Exercise directions
A word-for-word copy of the data is what's wanted; pictures stay out of it.

Data excerpt
--------------------------------------------------

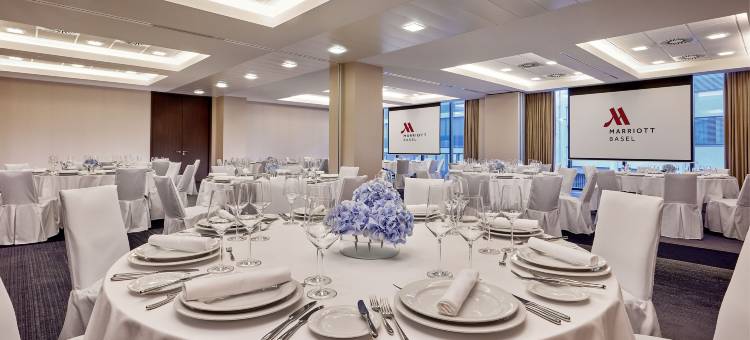 巴塞尔万豪酒店(Basel Marriott Hotel)图片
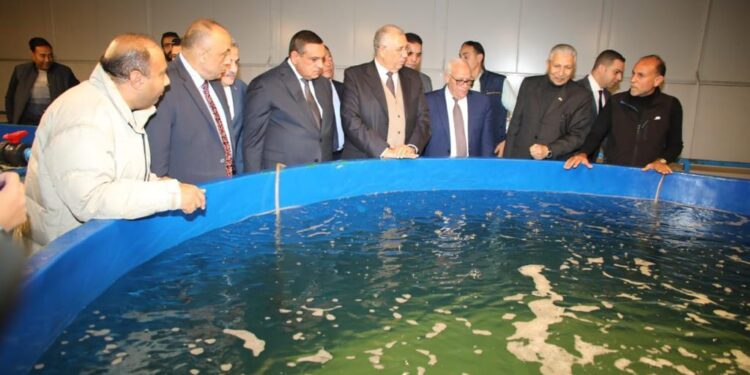 وزيرا الزراعة والتنمية المحلية ومحافظ بورسعيد يتفقدون مفارخ الأسماك ببورسعيد 1 مفارخ الأسماك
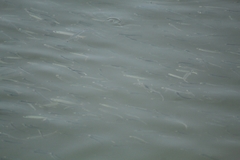 Atherinops affinis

--------------------------------------------------

Your response
 巴塞尔万豪酒店(Basel Marriott Hotel)图片
 وزيرا الزراعة والتنمية المحلية ومحافظ بورسعيد يتفقدون مفارخ الأسماك ببورسعيد 1 مفارخ الأسماك
 Atherinops affinis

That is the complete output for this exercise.